Self-Regulatory Organizations; National Association of Securities 
Dealers, Inc.; Notice of Filing and Immediate Effectiveness of Proposed 
Rule Change to Amend the Alternative Display Facility Quotation Update 
Fee

March 1, 2007.
    Pursuant to Section 19(b)(1) of the Securities Exchange Act of 1934 
(``Act'') \1\ and Rule 19b-4 thereunder,\2\

[[Page 10284]]

notice is hereby given that on February 27, 2007, the National 
Association of Securities Dealers, Inc. (``NASD'') filed with the 
Securities and Exchange Commission (``Commission'') the proposed rule 
change as described in Items I and II below, which Items have been 
substantially prepared by NASD. NASD has filed the proposal as a ``non-
controversial'' rule change pursuant to Section 19(b)(3)(A) of the Act 
\3\ and Rule 19b-4(f)(6) thereunder,\4\ which renders it effective upon 
filing with the Commission. The Commission is publishing this notice to 
solicit comments on the proposed rule change from interested persons.
---------------------------------------------------------------------------

    \1\ 15 U.S.C. 78s(b)(1).
    \2\ 17 CFR 240.19b-4.
    \3\ 15 U.S.C. 78s(b)(3)(A).
    \4\ 17 CFR 240.19b-4(f)(6).
---------------------------------------------------------------------------

I. Self-Regulatory Organization's Statement of the Terms of Substance 
of the Proposed Rule Change

    NASD proposes to amend Rule 7010A in light of the current 
participant quoting and trading activity on the Alternative Display 
Facility (``ADF''). Below is the text of the proposed rule change. 
Proposed new language is italicized and proposed deletions are in 
[brackets].
7010A. System Services
    (a) No Change.
    (b) Quotation Updates
    The following quotation update charges will apply based on the 
average daily number of publicly disseminated trades reported to the 
media through the ADF during the billing period. A ``quotation update'' 
includes any change to the price or size of a displayed quotation.
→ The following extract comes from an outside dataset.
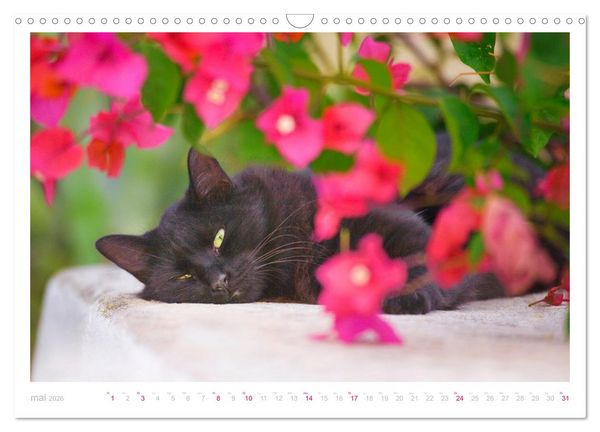 Produktbild: Chats des &icirc;les (Calendrier mural 2026 DIN A3 vertical), CALVENDO calendrier mensuel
------------------------------------------------------------------------
                                                        Quotes updates
 Average trades reported through   Quotation update     provided at no
         the ADF per day                charge              charge
------------------------------------------------------------------------
Less than 1.....................  $.02 per quotation  None.
                                   update.
Between 1 and 100,000...........  $.01 per quotation  5 quotation
                                   update.             updates per
                                                       trade.
Between 100,001 and [150,000]     $[.01].005 per      [10]20 quotation
 125,000.                          quotation update.   updates per
                                                       trade.
Between 125,001 and 150,000.....  $.005 per           25 quotation
                                   quotation update.   updates per
                                                       trade.
Greater than 150,000............  No Charge.........  N/A.
------------------------------------------------------------------------

* * * * *

II. Self-Regulatory Organization's Statement of the Purpose of, and 
Statutory Basis for, the Proposed Rule Change

    In its filing with the Commission, NASD included statements 
concerning the purpose of and basis for the proposed rule change and 
discussed any comments it received on the proposed rule change. The 
text of these statements may be examined at the places specified in 
Item IV below. NASD has prepared summaries, set forth in Sections A, B, 
and C below, of the most significant aspects of such statements.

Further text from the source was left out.